- **Directions**: Since only the words are wanted, reproduce every entry exactly and leave the images behind.

- **Data for this exercise**:
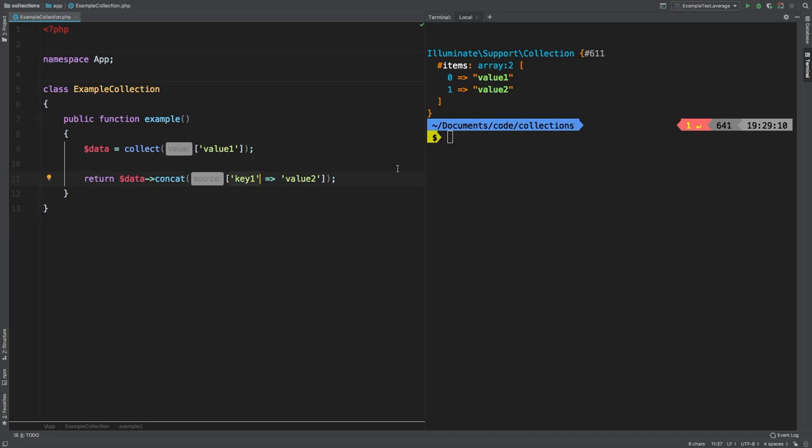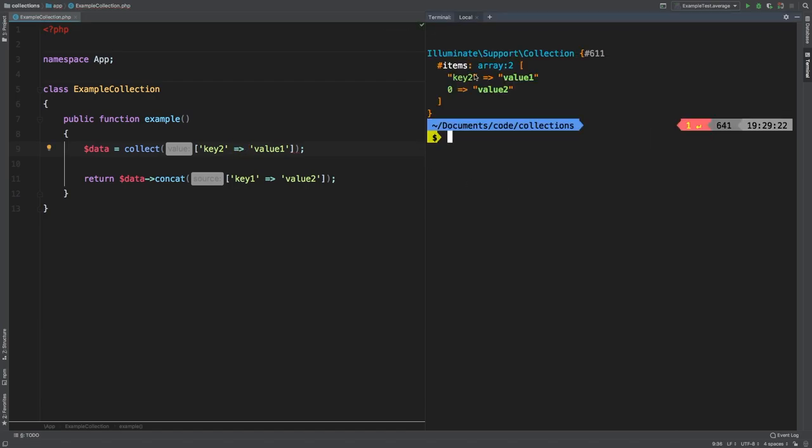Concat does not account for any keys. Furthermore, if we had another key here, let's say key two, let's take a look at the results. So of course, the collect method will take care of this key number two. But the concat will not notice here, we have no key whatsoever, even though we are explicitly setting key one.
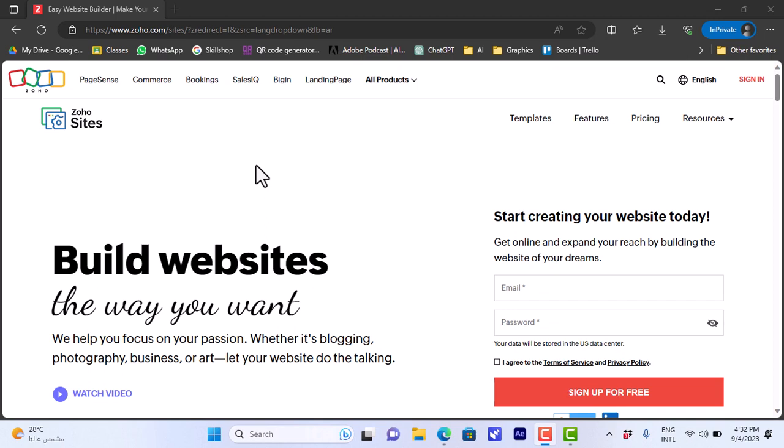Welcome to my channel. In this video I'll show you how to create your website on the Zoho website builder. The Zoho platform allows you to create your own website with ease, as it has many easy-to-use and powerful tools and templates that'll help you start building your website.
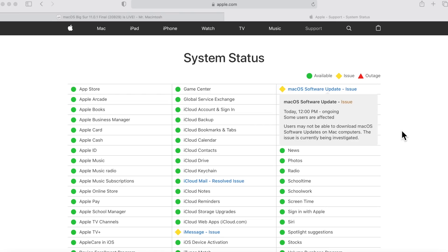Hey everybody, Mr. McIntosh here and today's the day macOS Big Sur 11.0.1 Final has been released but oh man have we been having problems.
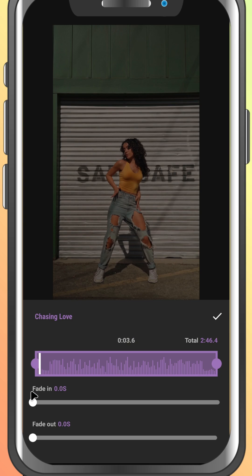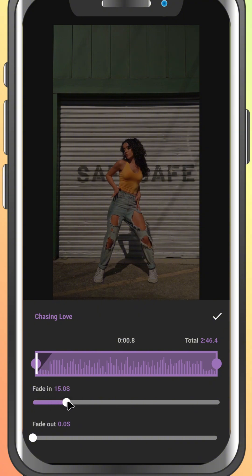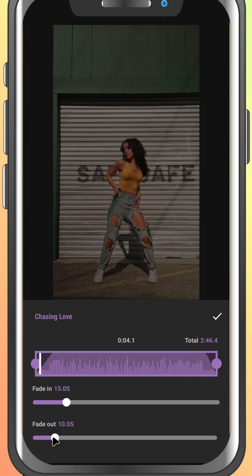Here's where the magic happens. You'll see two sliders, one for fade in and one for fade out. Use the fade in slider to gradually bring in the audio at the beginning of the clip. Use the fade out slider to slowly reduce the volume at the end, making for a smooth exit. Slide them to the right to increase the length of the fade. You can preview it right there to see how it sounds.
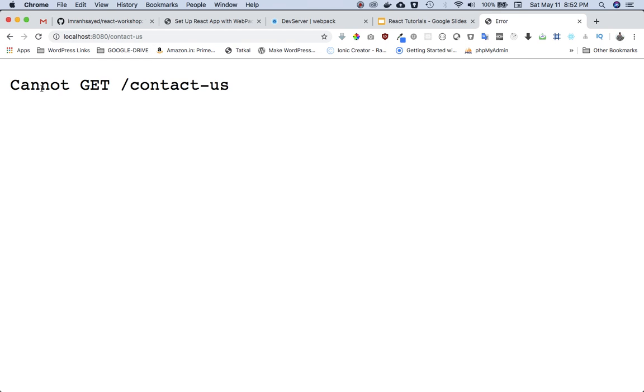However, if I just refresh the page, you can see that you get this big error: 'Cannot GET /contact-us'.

- **Exercise response**:
Concat does not account for any keys. Furthermore, if we had another key here, let's say key two, let's take a look at the results. So of course, the collect method will take care of this key number two. But the concat will not notice here, we have no key whatsoever, even though we are explicitly setting key one.
Welcome to my channel. In this video I'll show you how to create your website on the Zoho website builder. The Zoho platform allows you to create your own website with ease, as it has many easy-to-use and powerful tools and templates that'll help you start building your website.
Hey everybody, Mr. McIntosh here and today's the day macOS Big Sur 11.0.1 Final has been released but oh man have we been having problems.
Here's where the magic happens. You'll see two sliders, one for fade in and one for fade out. Use the fade in slider to gradually bring in the audio at the beginning of the clip. Use the fade out slider to slowly reduce the volume at the end, making for a smooth exit. Slide them to the right to increase the length of the fade. You can preview it right there to see how it sounds.
However, if I just refresh the page, you can see that you get this big error: 'Cannot GET /contact-us'.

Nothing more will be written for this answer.